- Opening Delimiter -

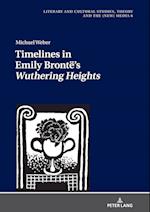 Timelines in Emily Bronte's "Wuthering Heights"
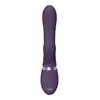 Vive - Tani Finger Motion with Pulse-Wave Vibrator Purple. Wibrator z technologią pulsacyjną i ruchem palca dla intensywnej stymulacji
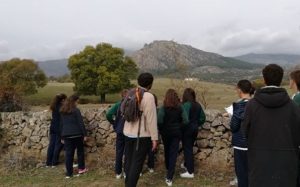 Visita a la Pedriza de los alumnos de 3º de ESO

- Closing Delimiter -

• **Goal of the exercise**:
Repeat each line above exactly. The pictures stay out.

• **Answer box**:
 Timelines in Emily Bronte's "Wuthering Heights"
 Vive - Tani Finger Motion with Pulse-Wave Vibrator Purple. Wibrator z technologią pulsacyjną i ruchem palca dla intensywnej stymulacji
 Visita a la Pedriza de los alumnos de 3º de ESO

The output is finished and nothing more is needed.